La guerre en Iran, le double jeu d’Anthropic et l’IA qui vise mal

T’imagines ? D’un côté, Dario Amodei et sa bande publient des essais de 20 000 mots sur les risques existentiels de l’IA, te sermonnent sur la nécessité de freiner la course aux armements, et te vendent du « safety-first » à la sauce académique. De l’autre, leurs modèles Claude sont utilisés par l’armée américaine pour sélectionner des cibles et planifier des frappes aériennes en Iran. La dissonance cognitive atteint des sommets stratosphériques, et on parle pas de benchmarks là.

Le scoop qui pue

Deux sources — TechCrunch et The Decoder — viennent de balancer la même info brûlante : dans le conflit en cours contre l’Iran, les États-Unis déploient de l’IA générative à grande échelle pour la première fois dans des décisions de ciblage militaire. Et devine quel modèle ils ont choisi ? Claude, celui d’Anthropic, la boîte qui se présente comme la gardienne vertueuse de l’éthique. Ironie du sort, Washington a officiellement interdit l’usage de certains modèles d’Anthropic dans d’autres contextes, mais visiblement, la guerre, ça passe. Le « safety-washing » prend un coup dans l’aile, et pas qu’un peu.

Anthropic, le dealer qui fournit l’armée

Rappelle-toi : Anthropic, c’est la startup qui lève des milliards en brandissant des papiers sur l’alignement, qui te fait des leçons de morale pendant qu’elle pirate des bibliothèques en torrent, et dont les propres évaluateurs déconseillaient le déploiement d’Opus 4. Maintenant, ils fournissent l’outil qui aide à décider qui vit et qui meurt à des milliers de kilomètres. Leur transparence de façade ? Elle s’arrête net devant les contrats juteux du Pentagone.

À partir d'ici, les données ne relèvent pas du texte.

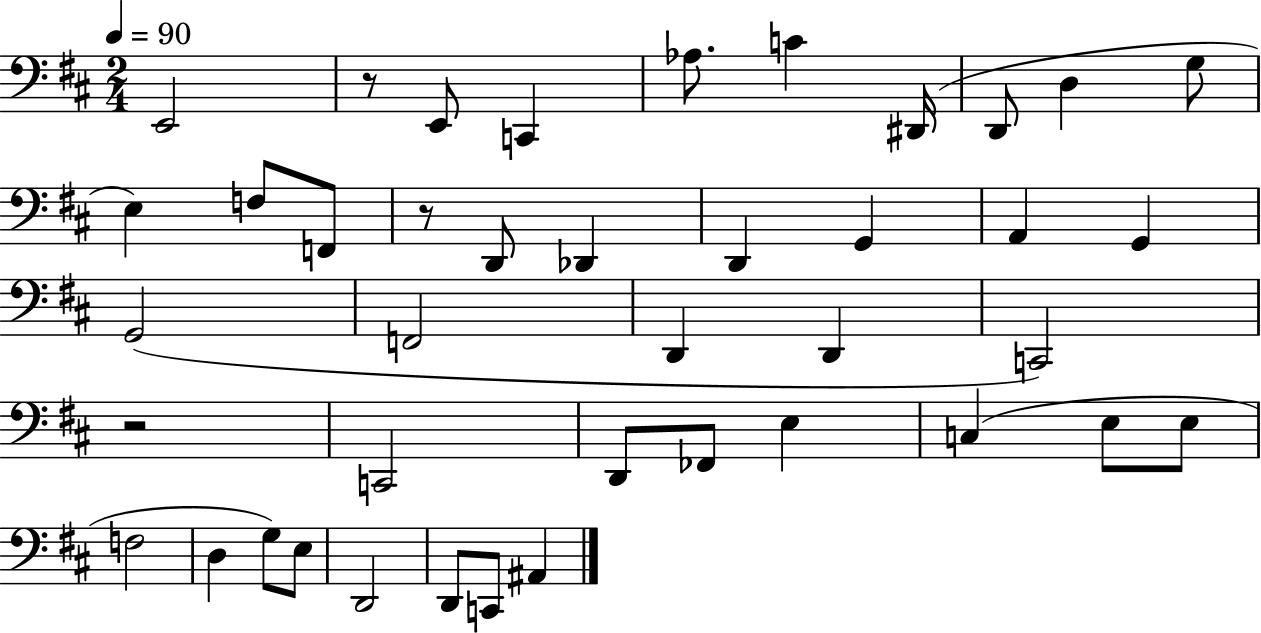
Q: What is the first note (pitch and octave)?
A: E2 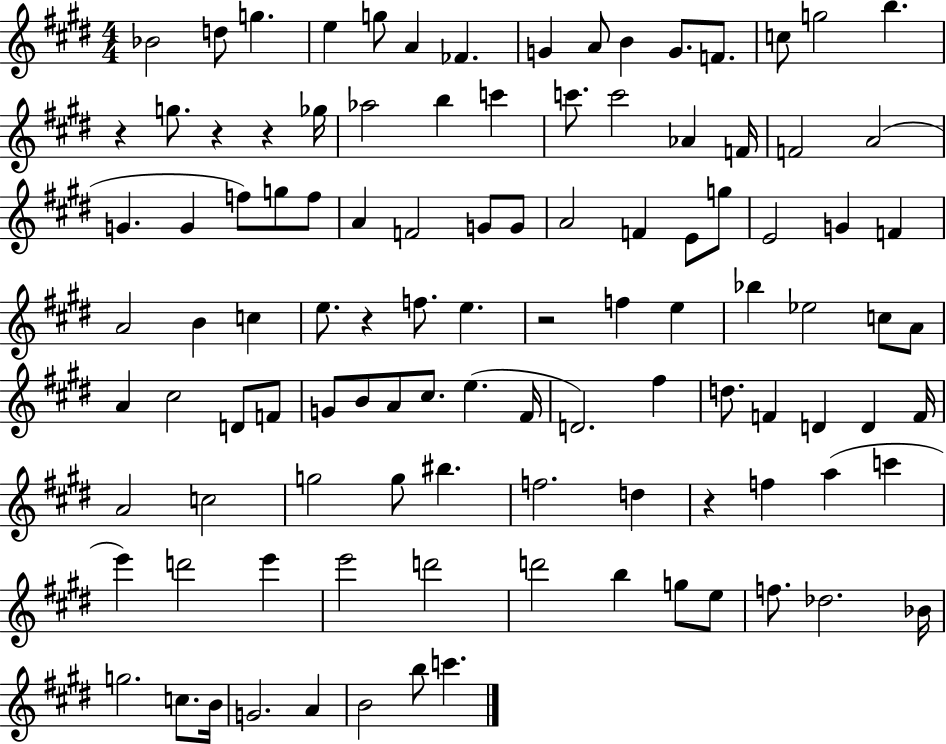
Bb4/h D5/e G5/q. E5/q G5/e A4/q FES4/q. G4/q A4/e B4/q G4/e. F4/e. C5/e G5/h B5/q. R/q G5/e. R/q R/q Gb5/s Ab5/h B5/q C6/q C6/e. C6/h Ab4/q F4/s F4/h A4/h G4/q. G4/q F5/e G5/e F5/e A4/q F4/h G4/e G4/e A4/h F4/q E4/e G5/e E4/h G4/q F4/q A4/h B4/q C5/q E5/e. R/q F5/e. E5/q. R/h F5/q E5/q Bb5/q Eb5/h C5/e A4/e A4/q C#5/h D4/e F4/e G4/e B4/e A4/e C#5/e. E5/q. F#4/s D4/h. F#5/q D5/e. F4/q D4/q D4/q F4/s A4/h C5/h G5/h G5/e BIS5/q. F5/h. D5/q R/q F5/q A5/q C6/q E6/q D6/h E6/q E6/h D6/h D6/h B5/q G5/e E5/e F5/e. Db5/h. Bb4/s G5/h. C5/e. B4/s G4/h. A4/q B4/h B5/e C6/q.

Dario Amodei, le prophète humble, doit avoir du mal à dormir — ou alors il compte les billets.

Les clients fuient, mais l’armée reste

TechCrunch note que les clients de la defense-tech désertent Anthropic, probablement refroidis par ce double jeu éthique. Trop de bullshit, pas assez de cohérence. Mais l’armée, elle, s’accroche. Pourquoi ? Parce que Claude est probablement le moins pire dans un panier de pourris, ou parce que les généraux ont compris que le marketing safety d’Anthropic est du vent et que le modèle fait le taf. Dans les deux cas, c’est une claque monumentale pour la narrative « responsable » de la boîte.

Et l’IA dans tout ça ?

Premier déploiement à grande échelle de l’IA générative dans la planification de frappes. Sur le papier, ça fait froid dans le dos. En pratique, tu te doutes bien que les biais des datasets, les hallucinations possibles et les erreurs de jugement sont au rendez-vous. Un modèle entraîné sur du texte pirate va maintenant aider à viser des cibles réelles. Quelle idée de génie. Le résultat final, c’est probablement des civils en plus dans le bilan, des frappes ratées, et une opacité totale sur qui prend les décisions. L’IA comme bouc émissaire pratique, en somme.

Le vrai problème

Le scandale, c’est pas que l’armée utilise de l’IA — ça, on s’y attendait. C’est qu’Anthropic, la boîte qui crie au loup sur les risques, soit en première ligne. C’est l’hypocrisie institutionnalisée. Publier des system cards tout en signant des contrats de guerre, c’est le niveau zéro de l’éthique. Et pendant ce temps, Sam Altman rigole dans son coin : au moins, lui, il assume de jouer avec le feu.

Conclusion

Anthropic vient de se griller toute crédibilité. Leur positionnement safety ? Un emballage marketing pour vendre à l’armée. Leur transparence ? Une façade qui craque au premier contrat sensible. La prochaine fois que Dario te parlera d’alignement, rappelle-toi qu’il aligne surtout ses comptes en banque. La guerre en Iran, c’est peut-être loin, mais le bullshit, lui, est bien à nos portes.